**DATA**.
*** Block opens ***

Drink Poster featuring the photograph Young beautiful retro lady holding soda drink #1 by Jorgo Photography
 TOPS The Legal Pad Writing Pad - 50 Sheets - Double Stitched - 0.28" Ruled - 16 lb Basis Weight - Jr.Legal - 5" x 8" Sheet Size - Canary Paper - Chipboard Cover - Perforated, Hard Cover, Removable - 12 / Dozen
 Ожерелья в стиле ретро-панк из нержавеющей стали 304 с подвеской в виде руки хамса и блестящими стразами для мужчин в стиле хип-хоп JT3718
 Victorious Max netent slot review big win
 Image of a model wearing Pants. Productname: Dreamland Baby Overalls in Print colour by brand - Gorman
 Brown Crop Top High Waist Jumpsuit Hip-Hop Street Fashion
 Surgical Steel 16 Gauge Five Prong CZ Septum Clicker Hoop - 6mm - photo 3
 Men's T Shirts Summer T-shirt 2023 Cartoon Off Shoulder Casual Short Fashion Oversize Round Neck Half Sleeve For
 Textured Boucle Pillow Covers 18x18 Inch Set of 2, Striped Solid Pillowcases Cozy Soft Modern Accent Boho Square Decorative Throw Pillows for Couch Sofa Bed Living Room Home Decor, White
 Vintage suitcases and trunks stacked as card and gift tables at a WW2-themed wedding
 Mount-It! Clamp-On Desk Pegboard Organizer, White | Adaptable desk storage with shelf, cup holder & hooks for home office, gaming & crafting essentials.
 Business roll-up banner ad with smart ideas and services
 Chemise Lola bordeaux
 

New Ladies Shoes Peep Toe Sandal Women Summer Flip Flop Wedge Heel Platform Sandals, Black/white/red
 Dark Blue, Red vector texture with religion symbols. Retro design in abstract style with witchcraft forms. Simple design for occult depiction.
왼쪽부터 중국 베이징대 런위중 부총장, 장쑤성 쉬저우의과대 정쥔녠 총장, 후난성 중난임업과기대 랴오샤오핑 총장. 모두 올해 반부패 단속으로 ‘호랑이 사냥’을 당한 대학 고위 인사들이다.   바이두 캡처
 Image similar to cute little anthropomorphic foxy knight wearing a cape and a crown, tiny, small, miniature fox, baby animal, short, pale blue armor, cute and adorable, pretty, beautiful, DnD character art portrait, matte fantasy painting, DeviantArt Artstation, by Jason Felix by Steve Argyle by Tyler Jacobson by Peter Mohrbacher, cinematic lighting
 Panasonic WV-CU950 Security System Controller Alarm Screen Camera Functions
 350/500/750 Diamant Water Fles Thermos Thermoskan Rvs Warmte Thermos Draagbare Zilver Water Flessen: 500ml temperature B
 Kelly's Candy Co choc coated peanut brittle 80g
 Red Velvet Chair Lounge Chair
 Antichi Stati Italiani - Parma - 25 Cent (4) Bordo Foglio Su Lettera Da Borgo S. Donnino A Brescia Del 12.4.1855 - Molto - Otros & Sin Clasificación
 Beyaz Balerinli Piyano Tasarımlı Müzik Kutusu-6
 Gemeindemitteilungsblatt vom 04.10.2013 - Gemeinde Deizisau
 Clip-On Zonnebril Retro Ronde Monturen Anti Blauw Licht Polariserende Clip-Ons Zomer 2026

*** Block closes ***

**TASK INSTRUCTIONS**.
All lines above from the one containing "Business roll-up banner" to the one containing "Panasonic WV-CU950 Security" must be repeated exactly, both lines included, and no others.

**ANSWER BOX**.
 Business roll-up banner ad with smart ideas and services
 Chemise Lola bordeaux
 

New Ladies Shoes Peep Toe Sandal Women Summer Flip Flop Wedge Heel Platform Sandals, Black/white/red
 Dark Blue, Red vector texture with religion symbols. Retro design in abstract style with witchcraft forms. Simple design for occult depiction.
왼쪽부터 중국 베이징대 런위중 부총장, 장쑤성 쉬저우의과대 정쥔녠 총장, 후난성 중난임업과기대 랴오샤오핑 총장. 모두 올해 반부패 단속으로 ‘호랑이 사냥’을 당한 대학 고위 인사들이다.   바이두 캡처
 Image similar to cute little anthropomorphic foxy knight wearing a cape and a crown, tiny, small, miniature fox, baby animal, short, pale blue armor, cute and adorable, pretty, beautiful, DnD character art portrait, matte fantasy painting, DeviantArt Artstation, by Jason Felix by Steve Argyle by Tyler Jacobson by Peter Mohrbacher, cinematic lighting
 Panasonic WV-CU950 Security System Controller Alarm Screen Camera Functions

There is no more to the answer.